Светлана Немоляева одна из тех редких советских артисток, которые не только любимы зрителем, но и до сих пор востребованы в кинематографе. Неудивительно! Ей 82 года, но за 60 лет, которые она отдала профессии, Светлана Владимировна мало изменилась. «Разве что талия уже не та», по привычке кокетничает она. 

— Светлана Владимировна, многие из ваших ровесниц-актрис давно пропали с экранов, уверяя, что уже «переросли всю эту блажь». Вы же до сих пор в обойме. Как вам это удается?  

— Самая большая рана для артиста — если он забыт. Мне тоже бывает очень тоскливо и неуютно, если у меня возникает перерыв в работе. Хотя и за такие моменты я тоже благодарю судьбу. Когда нет ни съемок, ни спектаклей, я могу выдохнуть — с радостью провожу время на даче, сажаю цветы. Но после таких перерывов с еще большим удовольствием окунаешься в работу.

В то единственное, что спасает от одиночества и драматических мыслей, которые посещают меня после ухода моего Саши (Александр Лазарев — муж Светланы Немоляевой, умер в мае 2011 года. — Прим. ред.). А то, что роли мне предлагают небольшие, — это даже хорошо. Не каждый может выдержать напряженный график съемок. Я не стесняюсь возраста — сколько есть, столько есть, и с удовольствием соглашаюсь играть старушенций — бабушек или чьих-то престарелых мам. Но каждую из героинь делаю запоминающейся.

— В «Ван Гогах» ваша героиня прикована к инвалидному креслу, но несмотря на это она не растеряла ни капли своего женского обаяния и кокетства

— Наверное, потому что кокетство – это и моя манера (смеется). Например, когда мне говорят, что я хорошо выгляжу, я, конечно, жеманничаю, но к таким комплиментам все равно отношусь «с прищуром». Потому что в таком возрасте за рамками допустимого выглядеть хорошо ну просто невозможно.

— Тем не менее, вам это все же как-то удается...

— Поверьте, я очень часто выгляжу плохо. Увидел бы кто из журналистов, сразу бы стали говорить: «У Немоляевой проблемы» (смеется). С юности у меня есть правило: как бы тяжело ни было, надо держать себя в форме. Это элементарное уважение к зрителю. А в жизни, когда я ограждена от внимания публики, нахожусь наедине с собой или со своей семьей, я совершенно не слежу за собой.

Могу не причесаться, не накраситься и выйти в магазин, как говорит моя любимая невестка, «не как народная артистка, а как черт знает кто».

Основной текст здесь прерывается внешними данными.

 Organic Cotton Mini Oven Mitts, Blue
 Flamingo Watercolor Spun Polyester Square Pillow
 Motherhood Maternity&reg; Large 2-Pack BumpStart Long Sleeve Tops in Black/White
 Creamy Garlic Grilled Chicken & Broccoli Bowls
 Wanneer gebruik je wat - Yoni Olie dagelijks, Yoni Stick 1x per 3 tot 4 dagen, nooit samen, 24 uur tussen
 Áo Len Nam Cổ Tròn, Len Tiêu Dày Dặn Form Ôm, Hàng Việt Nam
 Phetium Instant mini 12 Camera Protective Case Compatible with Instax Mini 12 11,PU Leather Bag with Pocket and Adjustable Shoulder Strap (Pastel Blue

За 60 лет работы в кино и театре это своеобразный отдых. Каждый день краситься, одеваться, чтобы выглядеть нормально, — это тяжело. 

— Но тяжелее всего сохранить такую стройную фигуру, как у вас. Что это, генетика?

— Не думаю. В молодости я была достаточно толстенькая. Когда играла первые сцены в «Онегине» (фильм 1958 г. — прим. ред.), у меня такая круглая физиономия была. Потом села на диету и сразу скинула 5 кг — к сцене на балу у меня уже была тонкая талия.

Правда, потерянные килограммы очень быстро вернулись. Я долго работала над собой, чтобы похудеть, боролась с едой. В итоге сейчас ем все, только очень маленькими порциями. И могу похвастаться тем, что за всю мою актерскую карьеру костюмерам не пришлось перешивать ни одного моего платья. Театр очень хорошо в этом смысле держит в ежовых рукавицах.

— Ваша внучка Полина пошла по вашим стопам, и вы играете в одном театре. Наставляете ее?

— Только если сама попросит. Но делаю это всегда очень деликатно, поскольку сама прошла суровую театральную школу и до сих пор не могу забыть некоторые из обид. В основном не своих, а тех, которые доставались моему Санчику — они меня ранили даже больше, чем мои собственные. Не копить их в себе помогает сцена.

Всю боль несправедливости, непонимания перевариваешь, как в супе, в душе, а потом даешь выход на театральных подмостках. И легче становится. Ведь иногда о каких-то проблемах даже близкому человеку не скажешь, а на сцене можно. Как говорил наш режиссер Андрей Гончаров, «Каждый актер имеет право на душевный стриптиз».